In this weeks E Zine, we include an update by Laura Parkinson, Dental Hospital on the use of telemedicine in Dentistry for people with bleeding disorders during the pandemic. Laura has been one of Alison Dougall’s key team members at the NCC dental clinics for many years. The dental service has really embraced telemedicine. At present, they are also beginning to see patients back at the NCC for urgent dental treatment. A limiting factor in the number of people they can see is the need to decontaminate the dental treatment suite between each patient attending. Because dental treatment involves aerosol creation, in the current time of pandemic, there would normally be a requirement for a one-hour decontamination period between each person seen. This would severely limit the number of people they could see.

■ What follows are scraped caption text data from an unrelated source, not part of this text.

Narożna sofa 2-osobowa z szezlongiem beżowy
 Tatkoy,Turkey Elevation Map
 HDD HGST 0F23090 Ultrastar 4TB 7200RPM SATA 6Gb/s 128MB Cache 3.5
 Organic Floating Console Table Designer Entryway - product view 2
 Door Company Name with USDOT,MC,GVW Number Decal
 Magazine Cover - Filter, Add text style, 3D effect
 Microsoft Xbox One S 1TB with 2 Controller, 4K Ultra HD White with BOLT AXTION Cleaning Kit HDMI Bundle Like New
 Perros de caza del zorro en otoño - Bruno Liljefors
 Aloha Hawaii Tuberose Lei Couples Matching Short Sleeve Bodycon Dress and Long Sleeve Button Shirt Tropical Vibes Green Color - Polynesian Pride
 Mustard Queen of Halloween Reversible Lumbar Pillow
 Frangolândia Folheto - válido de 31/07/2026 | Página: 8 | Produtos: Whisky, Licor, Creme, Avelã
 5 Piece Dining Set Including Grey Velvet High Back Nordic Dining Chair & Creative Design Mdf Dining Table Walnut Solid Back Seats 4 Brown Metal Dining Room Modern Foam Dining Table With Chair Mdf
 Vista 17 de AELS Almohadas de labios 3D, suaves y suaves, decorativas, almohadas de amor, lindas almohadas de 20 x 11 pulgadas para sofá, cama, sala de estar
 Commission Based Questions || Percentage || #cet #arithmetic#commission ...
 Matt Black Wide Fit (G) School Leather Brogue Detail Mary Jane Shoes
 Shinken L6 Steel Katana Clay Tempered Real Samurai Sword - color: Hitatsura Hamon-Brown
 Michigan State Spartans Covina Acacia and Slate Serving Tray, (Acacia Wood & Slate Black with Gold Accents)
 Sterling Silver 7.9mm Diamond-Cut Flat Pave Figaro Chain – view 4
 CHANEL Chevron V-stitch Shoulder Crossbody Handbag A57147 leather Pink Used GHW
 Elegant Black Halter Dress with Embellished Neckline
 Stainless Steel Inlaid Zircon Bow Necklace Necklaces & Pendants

There is a new fogging machine which dispenses a chemical called hypochlorous acid to decontaminate the room from viruses, including Covid-19. I attended a demonstration of this technology at the Dublin Dental Hospital this week. This process takes one to two minutes so they should be able to see patients with an interval of no more than five minutes. This will greatly assist them to see more people with bleeding disorders. We greatly appreciate the innovative work of the dental team at this difficult time and fully support this initiative. The Society will be purchasing a fogging machine for the dental suite at the NCC.
Twinning with Jordan
The Society have a Twinning relationship with the Jordan Society for Haemophilia and Thalassemia. We have committed to assisting them in capacity building in defined areas such as publications, event planning, Governance and Strategic planning. Obviously, we cannot travel to Jordan at present. I was very pleased this week to participate in a two-hour working session with the leaders and 12 additional volunteers from the Society in Jordan by Zoom. The topic was production and design of digital publications and electronic newsletters. Our Publications Editor, Barry Healy provided the expertise and gave a very much appreciated presentation during the call. The call was also attended by Rana Saifi, World Federation of Haemophilia Director for the Middle East. This was the first in a series of such calls
Quality of life survey
The Irish Haemophilia Society for the past 2 years have been carrying out quality of life surveys in people with haemophilia. Currently we are sending out this quality of life PROBE survey to all of our adult members with FVIII & FIX deficiency. The surveys returned are anonymised and the collective results from all the surveys provides us with very useful information as we continue our mission of constantly advocating for better treatment or care for people with haemophilia. They also allow us to see the general impact of the introduction of new treatments. (For example, following our analysis of survey results last year, we were able to demonstrate that the extended half-life factor concentrates which had been introduced in 2018 and 2019 had a significant beneficial impact on quality of life)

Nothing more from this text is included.